Pizza, Italy's most beloved export, is at its finest in the sun-drenched land of Naples. Neapolitans are enormously proud and staunchly defend their contribution to the world as the true, original authentic.
No one knows for certain where the first pizza was served. The Greeks, who founded Naples over 2,500 years ago, baked flat bread on hot stones, seasoning it with herbs, tiny fish, grated cheese and lard or olive oil.
Tomatoes did not arrive in Italy until the 16th century. At first, they were believed to be poisonous, so they were only used ornamentally. The first time tomatoes appeared in an Italian kitchen was in the late 1700s when a monk included a recipe for them in his book, The Gallant Cook.

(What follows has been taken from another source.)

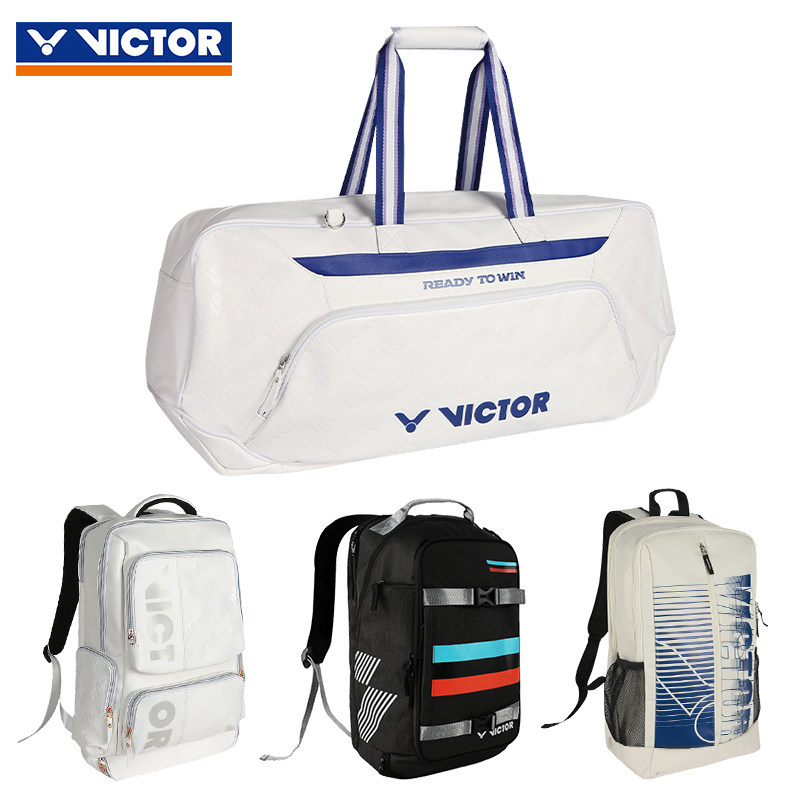 VICTOR victory badminton bag backpack large capacity professional men and women Victor badminton racket bag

Since then, tomatoes have become synonymous with pizza, and to Neapolitans true pizza consists of white crust, tomatoes seasoned with salt, and fresh mozzarella — preferably made from water- buffalo milk which is tangier and richer than cow's-milk mozzarella. A drizzle of olive oil and a few leaves of fresh basil finish the classic variety preferred by Neapolitans, Pizza Margherita. Pizza Marinara, the second-favorite Neapolitan-style pizza, is prepared simply with tomatoes, dried oregano, a thin slice or two of fresh garlic, a drizzle of olive oil and baked in a flash in an extremely hot wood-burning oven.
To protect the good name of classic pizza, a society was formed 20 years ago in Naples against the blasphemous crusts and infidel toppings that dared (!) to call themselves by the same name — a noble but lost cause which, no doubt, explains why you can find a fairly authentic Neapolitan pizza in the United States (especially in New York where America's first pizzeria is still in operation on Spring Street) but will be hard-pressed to find a barbecue chicken pizza or shrimp and broccoli pizza in Naples.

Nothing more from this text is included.